When something is scarce, it tends to demand more of our attention. If you need to pay more attention to time, having the sun rise while you’re driving to work and set in the middle of the afternoon is a pretty good mechanism to do so.
The time value of money is one of the first things that gets covered in most any financial literacy course. The sooner a person starts the process of earning compounding returns, the greater the probability that the investor reaches the steep part of the compounding curve. Add onto this the impacts of inflation, and you get the axiom “a dollar today is worth more than a dollar tomorrow.”
Morgan Housel, author of “The Psychology of Money”, uses Warren Buffet to demonstrate this point.
As of September 8, 2020, Buffet was 90 years old. By that time, he was worth over $81 billion. However, about $70 billion of that came after his mid-60s. He started investing at 10 years old, but he didn’t reach the dramatically steep part of the compounding curve for over 5 decades.
This can be looked at as a positive or negative.
Bad news first:
Every day a person spends doing something they know isn’t making progress towards a goal, financial or otherwise, is time they can never use again. Failing to start a debt management plan, or saving for a vacation, or maxing out available retirement plan contributions, or implementing an investment plan, pushes the steep part of the growth curve farther away.
To make up for lost time, some people resort to riskier behavior in the hopes that by latching onto things like cryptocurrency and meme stocks they can get outsized returns that make up for missed opportunities. The problem is that these strategies entail more risk. Risks can come in the form of risk of loss, losing the liquidity of funds, paying high fees, or all of the above.
Feeling the onset of age and too many years at desk jobs, I’ve gotten skilled over the years at overdoing it in the gym. I try to make progress too quickly, and eventually my body breaks down and I need time off to heal. Those lost days while I wait to be healthy again get added to the years I already missed by waiting to start. I’ve learned the hard (and painful) way that slow and steady means more days making progress.
The “make up for lost time” mindset is the behavioral default setting that panics when it falls behind. Panic leads to error, and can lead to a cascading spiral of impulsive decisions and mistakes that push our goals farther away.
Rather than having this backwards-facing view of time, the option always exists to look forward instead.
Having a forward-facing posture towards time turns it into an asset: something you always have and can use right now to your benefit.
The “make up for lost time,” backwards-looking posture treats time as a liability: something that has been lost and must be repaid with interest. The risks you take for make up for lost time are the interest charge on this time debt.
I believe the forward-facing posture is the healthier option. It takes advantage of the most important part of the compounding curve, which is not the steep part. Just like a roller coaster, the steep part is the fun part, but not the most important.
The most important part of the curve is where it starts. No one gets to the steep part of the compounding curve without first taking one step in its direction. You can’t get to the steep parts of the roller coaster without waiting in a boring line first.

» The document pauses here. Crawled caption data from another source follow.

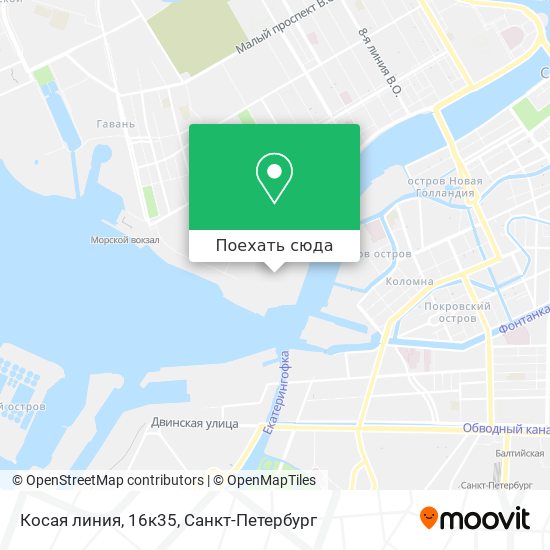 Карта Косая линия, 16к35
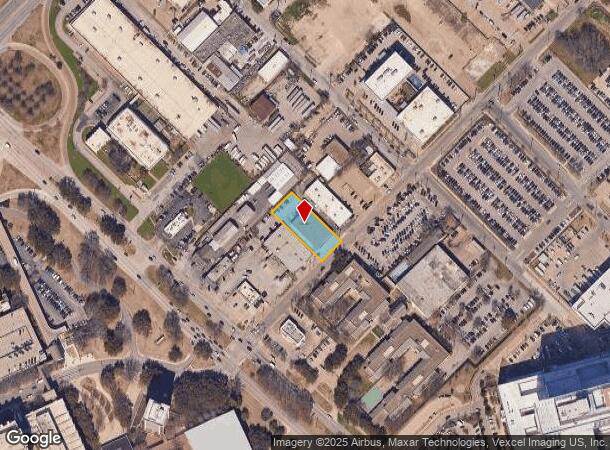 2133 Butler St, Dallas, TX Parcel Map
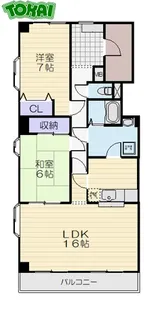 ハイタウンソレイユ【5階】の間取り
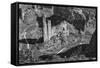 USA, Arizona, Spider Rock, Canyon de Chelly, Band-John Ford-Framed Stretched Canvas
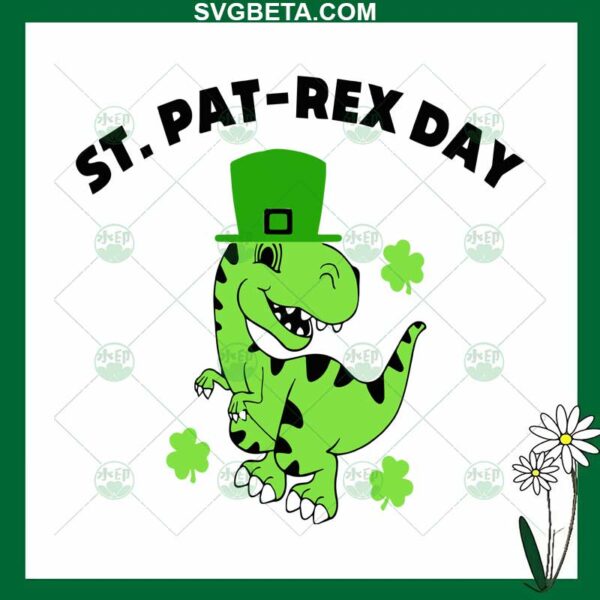 Happy Patrick Pat rex Day SVG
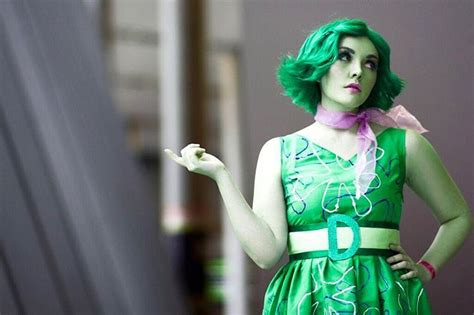 Disgust cosplay (from Pixar’s Inside Out) – me! | Cosplay, Instagram posts, Disgust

The Winter Solstice may prompt feelings of regret and loss. The day is short, the night is long, the weather is cold. There is plenty of time to sit and ruminate on the “could haves” and “should haves” from the past year and beyond.
At the same time, the Solstice represents the start of a new journey. Every day for the next 6 months, the sun will creep a bit higher in the sky and we will have more daylight. Just like the early stages of a compounding curve, most people won’t notice the extra minutes of sun each day as they add up.
The angle of the sun relative to the earth’s axis of rotation changes 47° from one solstice to the next. Over a 365 day year, that means the angle changes less than .13° per day, or .27%. If the relative angle of the sun were an investment account, this would be an intolerably low rate of return. Yet in only six months this steady progress turns winter into Spring, and Spring into Summer.
New opportunities will emerge. What looked like a mistake yesterday may turn out to be an advantage today. There will be the chance to take one step towards a curve you want to grow towards.
All of us at SeaCure Advisors wish you and yours a restful, reflective holiday, and that 2023 is full of footsteps towards the things in life you value the most.